TASK PROMPT: Repeat the data word for word. Do not include the pictures.

INPUT MATERIAL:
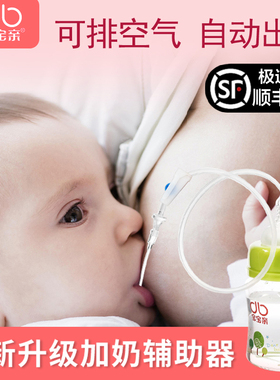 【顺丰】宝宝加奶瓶喂奶戒断奶神器婴儿用品防呛防胀气加奶辅助器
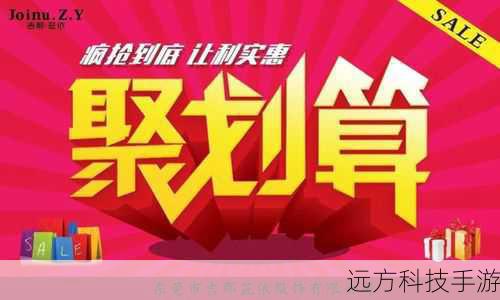 但重头戏还在后头!为了回馈广大消费者的厚爱,本次促销活动特别设置了“买手机送车”的超级大奖,想象一下,当你沉浸在诺基亚N97带来的科技魅力中时,突然得知自己还赢得了一辆梦寐以求的豪车,那种惊喜与激动,简直难以言表,这不仅仅是一次购物的体验,更是一次改变生活的机会。
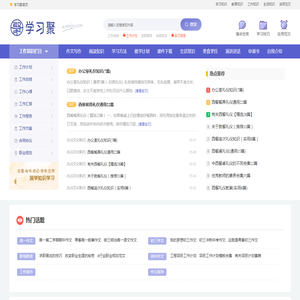 学习聚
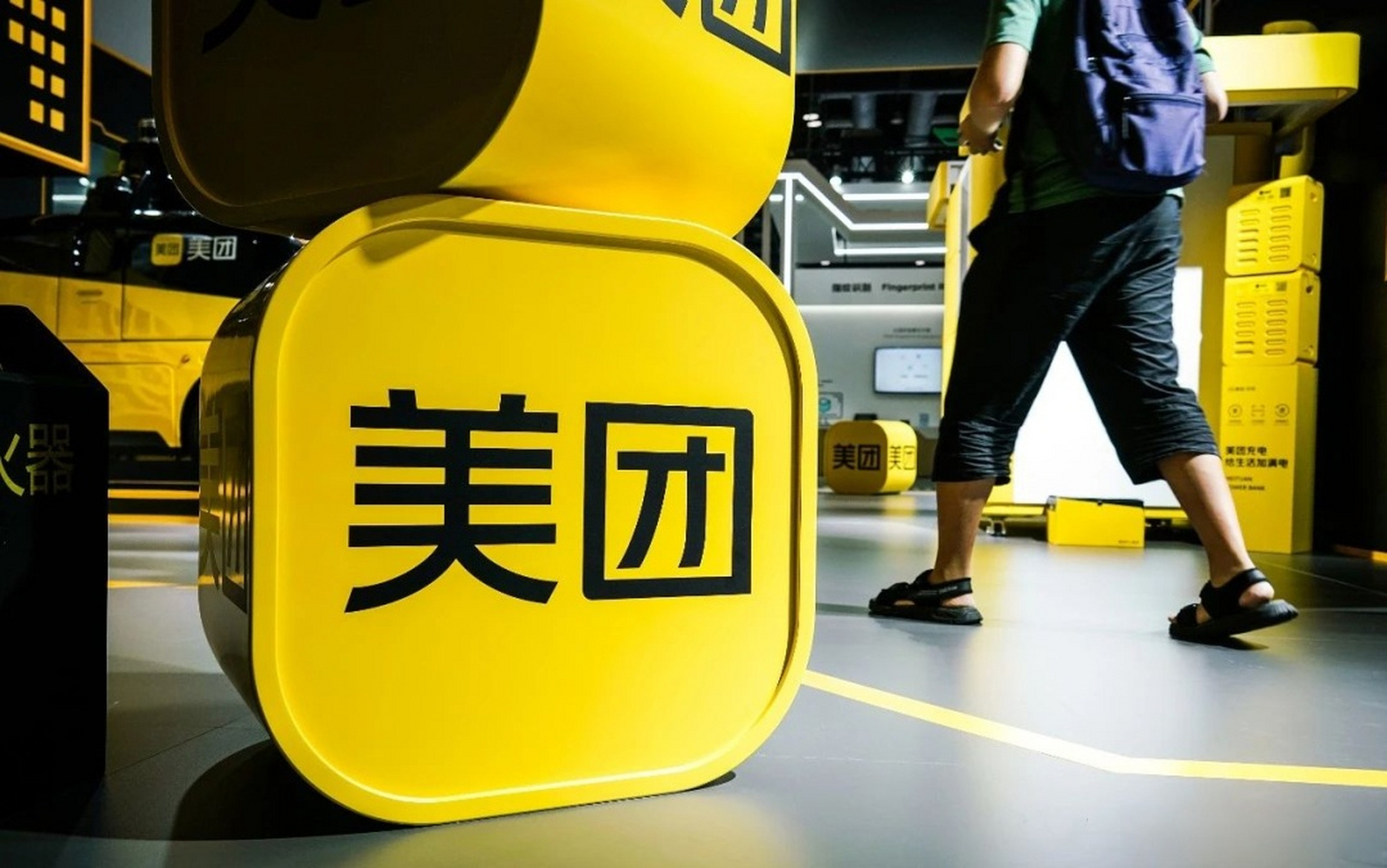 【美团在西双版纳成立汉骑科技公司】6月25日消息,天眼查app显示,6月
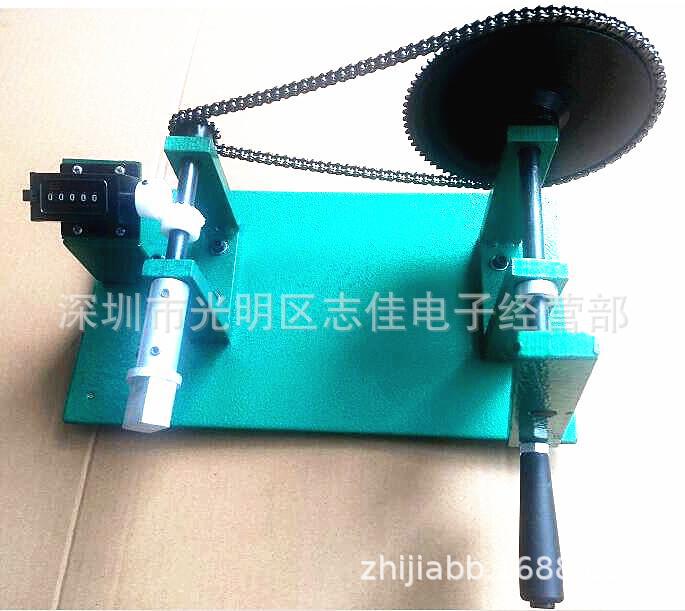 装好制具 (2)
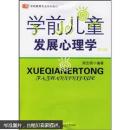学前教育专业系列教材：学前儿童发展心理学（修订版）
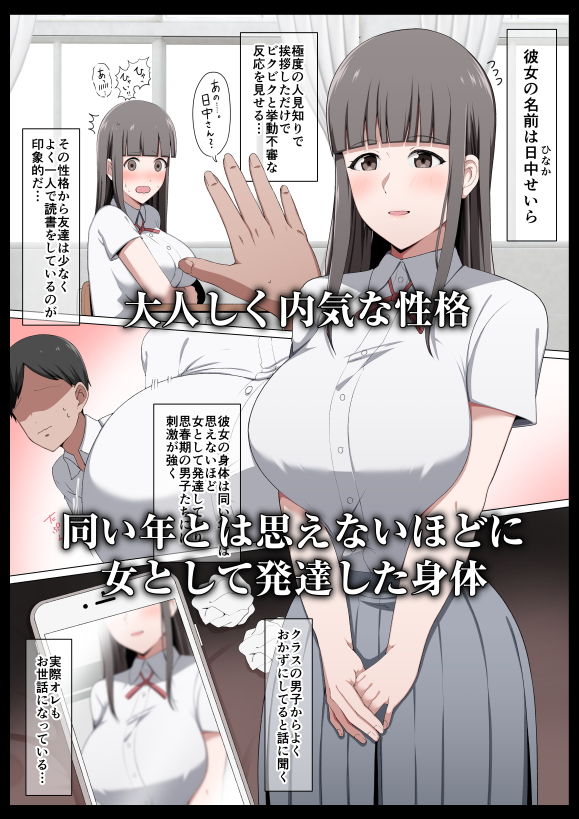 サンプル画像2:いいなりのきみ。(chococo) [d_194226]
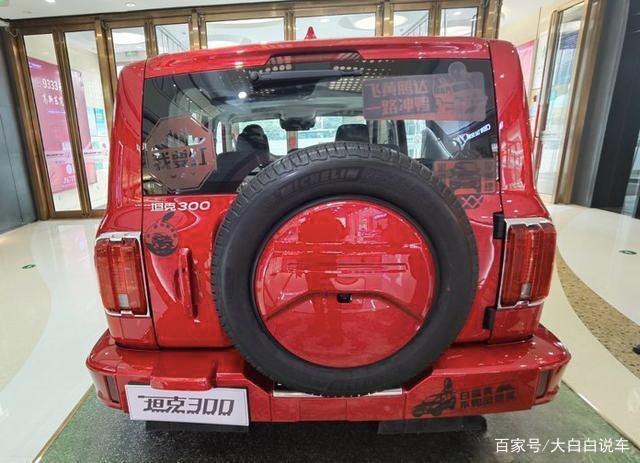 车知识：坦克300车身尺寸多大(图)  第3张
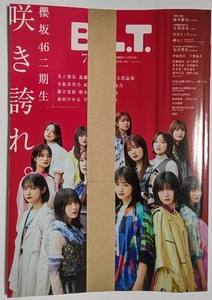 B.L.T. 2024年7月号 櫻坂46二期生 ポスター付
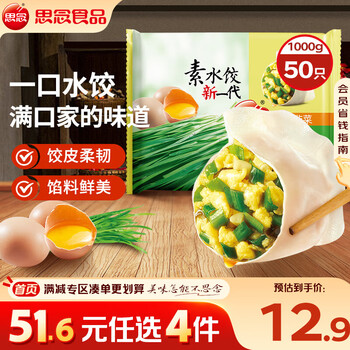 思念 素水饺 韭菜鸡蛋口味 1kg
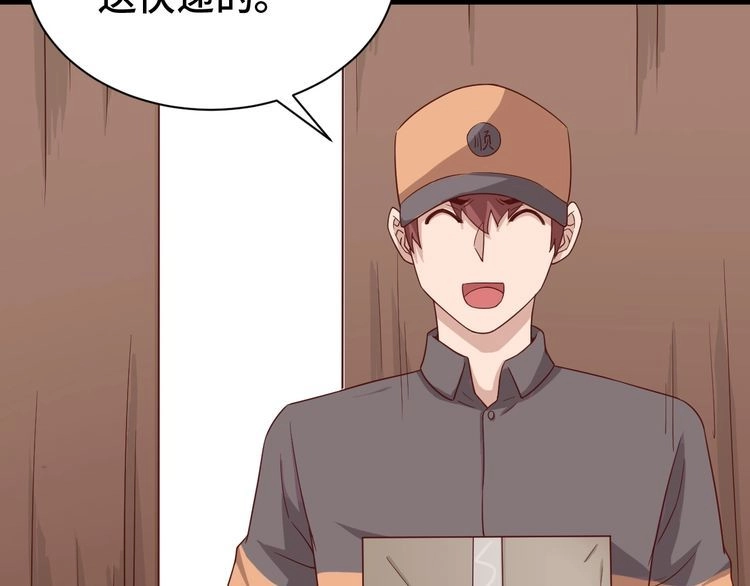 《最强修仙系统》第27话 千万里我追寻着你！ 第103页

EXERCISE OUTPUT:
 【顺丰】宝宝加奶瓶喂奶戒断奶神器婴儿用品防呛防胀气加奶辅助器
 但重头戏还在后头!为了回馈广大消费者的厚爱,本次促销活动特别设置了“买手机送车”的超级大奖,想象一下,当你沉浸在诺基亚N97带来的科技魅力中时,突然得知自己还赢得了一辆梦寐以求的豪车,那种惊喜与激动,简直难以言表,这不仅仅是一次购物的体验,更是一次改变生活的机会。
 学习聚
 【美团在西双版纳成立汉骑科技公司】6月25日消息,天眼查app显示,6月
 装好制具 (2)
学前教育专业系列教材：学前儿童发展心理学（修订版）
 サンプル画像2:いいなりのきみ。(chococo) [d_194226]
 车知识：坦克300车身尺寸多大(图)  第3张
 B.L.T. 2024年7月号 櫻坂46二期生 ポスター付
 思念 素水饺 韭菜鸡蛋口味 1kg
 《最强修仙系统》第27话 千万里我追寻着你！ 第103页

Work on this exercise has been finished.